Qui aurait cru en Juin dernier que l’année 1997 allait s’achever sur fond de crise qui a entraîné une vacance à la primature? Les plus perspicaces le présidaient déjà en arguant qu’aucun dossier n’allait pouvoir avancer puissque la Chambre Législative devait rentrer en vacance en Juillet 1997 puis rouvrir ses travaux en Janvier 1998. On ajoutait même qu’aucune solution politique n’allait être trouvée avant la nomintaion d’un nouvel ambassadeur américain en Haïti.


La scène politique est bien sur une estrade, loin de la rue. Les peuples semblent ne plus faire l’histoire, sauf qulques voix un peu sourdes, plus que jamais téléguidées… La réalité du pays a semblé se réduire à voter M. Hervé Denis dont le discours est désormais proche du néolibéralisme, au Rectorat de l’Université d’Etat ou à la Hcambre Législative. Les timides débats sur la décentralisation, la privatisation des entreprises publiques, les tarifs douaniers, la justice sont automatiquement éclipsés. Les hurlements voire les plaintes deviennent de plus en plus rares. Pourtant, la liquidation du pays se poursuit obstinément, les prix de certains produits de première nécessité tels les haricots, le rix… ont encore augmenté, de 10 à 25% à Port-au-Prince. Une bonne fraction de la population crève de faim pendant que les dirigeants proclament qu’ils ont assaini les finances du pays dans le discours inaugurant la nouvelle année, alors que le chômage, la mendicité deviennent de plus en plus patents.

Les périodes pré-carnavalesque et carnavalesque favoriseront la « déconnexion » traditionnelle utile. Mais, le discours officiel sera tout de même passé en dérision. « Pawòl Tafya » (Paroles d’ivrogne) entonnent « les sambas » de Boukman Eksperyans au rythme de leur méringue carnavalesque pour l’année 98. « A la moun yo mechan » (Que ces gens sont méchants!). Qui donc? Les « spécialistes » en détournement d’attention et en démobilisation populaire sans nul doute!

Quant aux « anciens militants » qui ne sont pas encore aspirés par la machine du pouvoir d’Etat, ils paraissent essoufflés et ont peur de se retrouver à la case de départ.
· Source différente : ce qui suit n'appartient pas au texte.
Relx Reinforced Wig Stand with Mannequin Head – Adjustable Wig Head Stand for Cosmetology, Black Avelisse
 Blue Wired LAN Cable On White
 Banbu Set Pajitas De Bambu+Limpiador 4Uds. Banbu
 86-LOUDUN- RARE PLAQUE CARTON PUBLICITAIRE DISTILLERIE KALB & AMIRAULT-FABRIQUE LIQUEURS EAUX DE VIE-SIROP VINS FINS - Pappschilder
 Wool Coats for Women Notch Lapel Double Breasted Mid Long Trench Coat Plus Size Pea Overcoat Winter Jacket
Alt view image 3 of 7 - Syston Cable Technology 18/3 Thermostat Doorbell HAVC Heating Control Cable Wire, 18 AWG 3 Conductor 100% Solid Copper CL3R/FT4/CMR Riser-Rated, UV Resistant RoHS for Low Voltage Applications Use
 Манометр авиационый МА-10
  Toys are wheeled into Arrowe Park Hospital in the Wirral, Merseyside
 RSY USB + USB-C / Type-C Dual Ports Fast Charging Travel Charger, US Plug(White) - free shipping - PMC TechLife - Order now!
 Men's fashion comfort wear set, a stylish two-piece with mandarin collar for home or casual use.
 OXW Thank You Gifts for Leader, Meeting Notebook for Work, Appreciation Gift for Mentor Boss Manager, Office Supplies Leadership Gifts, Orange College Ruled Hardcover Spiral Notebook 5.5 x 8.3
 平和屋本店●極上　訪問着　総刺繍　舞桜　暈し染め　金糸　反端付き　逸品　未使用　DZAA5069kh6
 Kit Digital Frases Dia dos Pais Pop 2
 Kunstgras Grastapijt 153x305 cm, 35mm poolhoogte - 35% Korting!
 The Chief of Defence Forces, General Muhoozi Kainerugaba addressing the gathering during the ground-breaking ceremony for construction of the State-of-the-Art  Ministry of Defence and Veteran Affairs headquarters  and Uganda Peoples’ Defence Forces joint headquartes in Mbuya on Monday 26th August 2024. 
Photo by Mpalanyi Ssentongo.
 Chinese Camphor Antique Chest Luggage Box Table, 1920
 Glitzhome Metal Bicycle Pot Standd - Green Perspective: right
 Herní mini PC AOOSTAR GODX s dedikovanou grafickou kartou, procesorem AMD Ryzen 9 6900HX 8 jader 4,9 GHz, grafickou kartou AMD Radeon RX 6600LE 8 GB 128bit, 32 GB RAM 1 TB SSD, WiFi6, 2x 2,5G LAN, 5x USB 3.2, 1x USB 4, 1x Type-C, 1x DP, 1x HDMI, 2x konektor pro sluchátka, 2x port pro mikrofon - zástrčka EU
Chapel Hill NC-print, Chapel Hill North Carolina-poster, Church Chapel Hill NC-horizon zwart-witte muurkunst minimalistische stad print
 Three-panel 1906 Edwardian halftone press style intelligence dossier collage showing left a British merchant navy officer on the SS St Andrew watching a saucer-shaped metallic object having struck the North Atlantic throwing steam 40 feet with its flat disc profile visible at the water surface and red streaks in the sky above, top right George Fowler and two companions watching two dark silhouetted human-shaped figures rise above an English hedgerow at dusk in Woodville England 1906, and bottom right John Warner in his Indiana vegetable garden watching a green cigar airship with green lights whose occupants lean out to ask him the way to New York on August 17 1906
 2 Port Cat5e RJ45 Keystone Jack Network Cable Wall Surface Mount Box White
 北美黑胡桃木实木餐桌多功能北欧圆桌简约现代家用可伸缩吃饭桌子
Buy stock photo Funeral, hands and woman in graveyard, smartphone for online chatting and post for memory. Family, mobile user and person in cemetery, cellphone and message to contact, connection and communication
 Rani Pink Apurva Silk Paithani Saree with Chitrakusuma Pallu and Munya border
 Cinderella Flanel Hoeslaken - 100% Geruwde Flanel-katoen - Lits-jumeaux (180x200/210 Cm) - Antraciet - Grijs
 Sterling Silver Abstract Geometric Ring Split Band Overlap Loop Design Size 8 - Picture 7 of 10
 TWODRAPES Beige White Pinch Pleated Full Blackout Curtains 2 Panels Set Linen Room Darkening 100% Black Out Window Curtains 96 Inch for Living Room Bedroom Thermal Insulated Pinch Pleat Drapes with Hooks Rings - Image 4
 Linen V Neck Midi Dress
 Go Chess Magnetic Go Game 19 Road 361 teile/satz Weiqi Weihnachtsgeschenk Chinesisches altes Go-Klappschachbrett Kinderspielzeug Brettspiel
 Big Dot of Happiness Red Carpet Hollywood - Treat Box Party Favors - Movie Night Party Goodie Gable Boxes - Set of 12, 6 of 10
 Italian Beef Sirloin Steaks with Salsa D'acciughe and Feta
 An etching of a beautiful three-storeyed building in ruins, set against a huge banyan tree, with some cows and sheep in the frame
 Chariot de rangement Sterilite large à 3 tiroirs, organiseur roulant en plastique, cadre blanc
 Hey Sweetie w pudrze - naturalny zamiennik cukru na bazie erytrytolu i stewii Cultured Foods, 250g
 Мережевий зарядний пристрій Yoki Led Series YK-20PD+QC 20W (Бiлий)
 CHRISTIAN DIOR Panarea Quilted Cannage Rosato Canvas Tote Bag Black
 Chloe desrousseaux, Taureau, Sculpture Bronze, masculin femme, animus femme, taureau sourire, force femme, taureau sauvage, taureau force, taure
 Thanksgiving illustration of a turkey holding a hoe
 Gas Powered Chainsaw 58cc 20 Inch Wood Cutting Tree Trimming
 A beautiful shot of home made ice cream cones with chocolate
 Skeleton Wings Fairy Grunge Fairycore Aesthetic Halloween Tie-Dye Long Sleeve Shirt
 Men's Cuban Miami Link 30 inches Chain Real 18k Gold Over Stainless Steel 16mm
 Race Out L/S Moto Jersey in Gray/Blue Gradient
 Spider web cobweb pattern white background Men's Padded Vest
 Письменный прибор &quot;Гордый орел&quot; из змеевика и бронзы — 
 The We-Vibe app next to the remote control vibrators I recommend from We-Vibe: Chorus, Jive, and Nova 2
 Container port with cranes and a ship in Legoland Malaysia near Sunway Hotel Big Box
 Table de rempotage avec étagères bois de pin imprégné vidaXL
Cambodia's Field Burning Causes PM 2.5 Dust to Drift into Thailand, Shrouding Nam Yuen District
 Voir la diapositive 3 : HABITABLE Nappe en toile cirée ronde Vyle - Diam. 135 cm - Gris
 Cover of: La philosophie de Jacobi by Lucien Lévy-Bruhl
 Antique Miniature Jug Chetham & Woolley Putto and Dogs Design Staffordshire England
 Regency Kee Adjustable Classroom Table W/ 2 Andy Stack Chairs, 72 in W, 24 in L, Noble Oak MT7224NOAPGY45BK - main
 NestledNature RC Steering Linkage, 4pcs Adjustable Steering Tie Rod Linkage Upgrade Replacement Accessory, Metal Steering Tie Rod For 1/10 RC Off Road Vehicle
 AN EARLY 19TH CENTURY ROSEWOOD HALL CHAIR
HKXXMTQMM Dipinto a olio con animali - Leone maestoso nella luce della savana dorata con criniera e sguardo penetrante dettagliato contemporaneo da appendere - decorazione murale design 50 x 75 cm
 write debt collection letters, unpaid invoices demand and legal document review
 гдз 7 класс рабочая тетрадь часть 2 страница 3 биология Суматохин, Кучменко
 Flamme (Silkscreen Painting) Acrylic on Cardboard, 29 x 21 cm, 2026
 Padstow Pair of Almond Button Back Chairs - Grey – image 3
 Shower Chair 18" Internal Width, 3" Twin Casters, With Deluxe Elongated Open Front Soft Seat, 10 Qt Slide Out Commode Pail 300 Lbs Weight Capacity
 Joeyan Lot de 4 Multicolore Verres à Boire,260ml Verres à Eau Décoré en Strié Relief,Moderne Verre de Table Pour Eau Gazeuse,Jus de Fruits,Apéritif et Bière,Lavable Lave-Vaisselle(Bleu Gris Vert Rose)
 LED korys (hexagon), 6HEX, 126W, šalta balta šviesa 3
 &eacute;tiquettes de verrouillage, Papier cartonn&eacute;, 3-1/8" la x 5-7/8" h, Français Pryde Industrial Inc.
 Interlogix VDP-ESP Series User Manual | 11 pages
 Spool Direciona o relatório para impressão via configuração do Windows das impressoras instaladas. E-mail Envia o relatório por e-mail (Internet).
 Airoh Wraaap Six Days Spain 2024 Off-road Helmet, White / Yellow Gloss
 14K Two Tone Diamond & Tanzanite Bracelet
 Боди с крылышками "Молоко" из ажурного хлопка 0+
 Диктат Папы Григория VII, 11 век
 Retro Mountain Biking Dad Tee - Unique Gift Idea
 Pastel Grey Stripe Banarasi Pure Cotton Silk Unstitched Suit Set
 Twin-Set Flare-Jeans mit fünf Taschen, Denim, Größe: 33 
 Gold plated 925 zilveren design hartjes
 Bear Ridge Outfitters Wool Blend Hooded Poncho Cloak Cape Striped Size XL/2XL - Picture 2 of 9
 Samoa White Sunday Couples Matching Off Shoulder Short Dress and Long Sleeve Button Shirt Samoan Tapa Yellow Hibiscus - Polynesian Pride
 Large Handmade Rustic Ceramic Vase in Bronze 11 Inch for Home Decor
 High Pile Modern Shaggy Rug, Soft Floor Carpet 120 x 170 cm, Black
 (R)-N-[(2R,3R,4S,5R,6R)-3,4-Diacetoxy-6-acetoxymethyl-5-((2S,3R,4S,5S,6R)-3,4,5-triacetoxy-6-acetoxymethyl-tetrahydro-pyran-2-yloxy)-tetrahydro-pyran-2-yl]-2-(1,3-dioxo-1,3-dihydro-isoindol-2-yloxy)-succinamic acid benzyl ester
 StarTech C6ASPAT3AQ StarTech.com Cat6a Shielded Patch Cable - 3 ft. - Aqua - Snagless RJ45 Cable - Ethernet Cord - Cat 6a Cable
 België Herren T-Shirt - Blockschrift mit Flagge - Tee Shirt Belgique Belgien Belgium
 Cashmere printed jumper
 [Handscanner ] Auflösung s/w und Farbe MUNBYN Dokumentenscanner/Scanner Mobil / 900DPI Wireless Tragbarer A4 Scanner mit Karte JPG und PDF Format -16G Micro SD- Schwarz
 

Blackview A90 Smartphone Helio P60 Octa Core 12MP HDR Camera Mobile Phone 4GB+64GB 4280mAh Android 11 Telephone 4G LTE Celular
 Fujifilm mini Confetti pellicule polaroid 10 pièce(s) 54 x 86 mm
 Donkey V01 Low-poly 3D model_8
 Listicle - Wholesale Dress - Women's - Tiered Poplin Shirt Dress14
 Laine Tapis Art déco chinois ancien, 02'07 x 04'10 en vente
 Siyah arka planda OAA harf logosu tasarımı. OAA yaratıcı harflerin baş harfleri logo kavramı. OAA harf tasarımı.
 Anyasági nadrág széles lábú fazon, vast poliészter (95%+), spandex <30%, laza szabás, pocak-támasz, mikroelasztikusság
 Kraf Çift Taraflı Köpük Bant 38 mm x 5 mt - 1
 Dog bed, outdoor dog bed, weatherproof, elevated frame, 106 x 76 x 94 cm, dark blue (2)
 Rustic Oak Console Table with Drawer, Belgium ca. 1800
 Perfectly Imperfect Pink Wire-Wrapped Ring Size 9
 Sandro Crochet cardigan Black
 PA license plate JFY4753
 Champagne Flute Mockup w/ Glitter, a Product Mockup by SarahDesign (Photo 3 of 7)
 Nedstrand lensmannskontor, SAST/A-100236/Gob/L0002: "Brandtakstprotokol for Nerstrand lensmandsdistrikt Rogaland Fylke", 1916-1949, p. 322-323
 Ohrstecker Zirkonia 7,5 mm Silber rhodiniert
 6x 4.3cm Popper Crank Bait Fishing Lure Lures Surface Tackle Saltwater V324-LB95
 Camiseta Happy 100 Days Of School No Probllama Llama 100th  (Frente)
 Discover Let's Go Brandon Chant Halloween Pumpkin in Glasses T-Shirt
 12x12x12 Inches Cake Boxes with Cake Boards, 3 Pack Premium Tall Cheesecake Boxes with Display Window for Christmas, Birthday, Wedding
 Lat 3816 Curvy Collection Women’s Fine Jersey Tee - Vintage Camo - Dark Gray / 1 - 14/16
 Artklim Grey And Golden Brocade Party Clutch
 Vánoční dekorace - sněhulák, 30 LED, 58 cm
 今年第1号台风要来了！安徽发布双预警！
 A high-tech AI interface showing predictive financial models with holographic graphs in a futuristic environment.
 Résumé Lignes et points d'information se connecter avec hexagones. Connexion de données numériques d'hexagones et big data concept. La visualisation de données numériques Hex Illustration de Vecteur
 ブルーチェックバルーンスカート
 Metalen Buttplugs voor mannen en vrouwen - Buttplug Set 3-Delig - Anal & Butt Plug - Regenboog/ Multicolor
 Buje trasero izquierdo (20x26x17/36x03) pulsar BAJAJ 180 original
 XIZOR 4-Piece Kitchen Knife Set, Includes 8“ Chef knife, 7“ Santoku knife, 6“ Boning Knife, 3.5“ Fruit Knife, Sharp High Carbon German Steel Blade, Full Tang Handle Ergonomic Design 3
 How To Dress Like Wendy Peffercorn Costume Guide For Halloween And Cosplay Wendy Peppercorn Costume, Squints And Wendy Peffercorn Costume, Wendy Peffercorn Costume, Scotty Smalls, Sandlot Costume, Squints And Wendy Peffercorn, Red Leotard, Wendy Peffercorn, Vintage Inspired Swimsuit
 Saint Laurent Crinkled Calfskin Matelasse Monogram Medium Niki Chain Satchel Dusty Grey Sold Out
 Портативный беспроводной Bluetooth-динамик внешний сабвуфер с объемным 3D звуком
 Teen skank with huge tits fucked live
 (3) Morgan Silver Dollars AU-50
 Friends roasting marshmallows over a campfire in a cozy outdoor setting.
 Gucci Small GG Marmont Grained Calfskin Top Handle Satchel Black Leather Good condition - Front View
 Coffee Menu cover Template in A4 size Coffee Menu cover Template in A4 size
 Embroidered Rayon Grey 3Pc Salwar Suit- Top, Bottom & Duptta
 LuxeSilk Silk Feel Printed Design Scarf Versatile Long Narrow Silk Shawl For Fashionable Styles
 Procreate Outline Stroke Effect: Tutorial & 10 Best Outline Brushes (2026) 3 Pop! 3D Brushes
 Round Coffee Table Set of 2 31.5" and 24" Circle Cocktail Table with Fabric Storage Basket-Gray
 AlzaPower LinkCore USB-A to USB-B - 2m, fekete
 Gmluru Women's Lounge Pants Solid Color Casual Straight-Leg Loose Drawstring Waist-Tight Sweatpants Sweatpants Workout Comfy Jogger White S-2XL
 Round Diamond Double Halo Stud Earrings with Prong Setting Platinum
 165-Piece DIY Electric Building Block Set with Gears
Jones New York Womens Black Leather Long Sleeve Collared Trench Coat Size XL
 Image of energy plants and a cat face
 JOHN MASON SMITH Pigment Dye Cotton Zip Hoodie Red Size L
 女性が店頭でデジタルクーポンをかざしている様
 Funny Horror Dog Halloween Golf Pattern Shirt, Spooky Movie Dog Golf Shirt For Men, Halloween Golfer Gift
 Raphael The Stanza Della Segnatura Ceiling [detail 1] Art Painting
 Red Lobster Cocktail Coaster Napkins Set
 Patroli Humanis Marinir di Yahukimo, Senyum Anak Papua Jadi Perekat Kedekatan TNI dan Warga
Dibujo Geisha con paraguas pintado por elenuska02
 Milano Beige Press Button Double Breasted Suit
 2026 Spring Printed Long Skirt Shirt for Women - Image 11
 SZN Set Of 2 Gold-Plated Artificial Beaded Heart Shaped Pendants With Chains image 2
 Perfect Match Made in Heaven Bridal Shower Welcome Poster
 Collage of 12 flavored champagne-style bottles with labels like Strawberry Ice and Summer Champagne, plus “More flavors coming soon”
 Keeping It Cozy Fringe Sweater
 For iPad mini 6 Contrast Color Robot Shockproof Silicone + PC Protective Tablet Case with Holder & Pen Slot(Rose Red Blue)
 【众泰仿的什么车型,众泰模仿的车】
Mais, il faut bien que la lutte continue, que les ennemis aujourd’hui travestis, soient bien identifiés, que le discours révolutionnaire renaisse et se mette à la hauteur du temps pour démystifier le verbe démagogique ou creux sur l’anti-néolibéralisme d’où qu’il vienne et surtout pour dessiner les contours d’une alternative réelle et rebâtir la confiance du peuple en sa propre force.